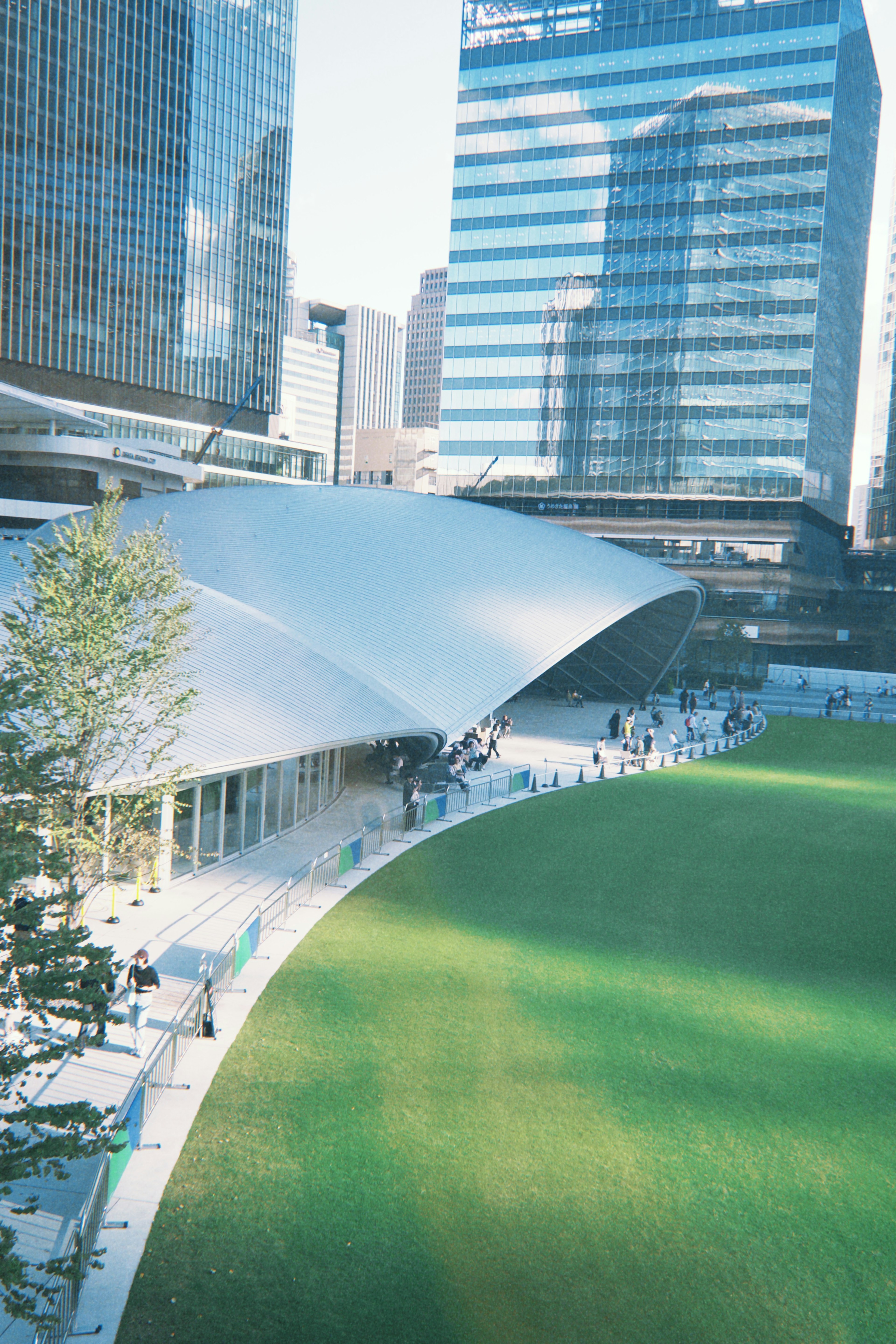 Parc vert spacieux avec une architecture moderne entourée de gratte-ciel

==

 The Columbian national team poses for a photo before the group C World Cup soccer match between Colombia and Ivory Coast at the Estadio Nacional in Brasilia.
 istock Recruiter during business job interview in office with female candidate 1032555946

> About this task: Your answer should be the exact lines above from the one with "The Columbian national" through the one with "istock Recruiter during", both included, and nothing besides.

> Response below:
 The Columbian national team poses for a photo before the group C World Cup soccer match between Colombia and Ivory Coast at the Estadio Nacional in Brasilia.
 istock Recruiter during business job interview in office with female candidate 1032555946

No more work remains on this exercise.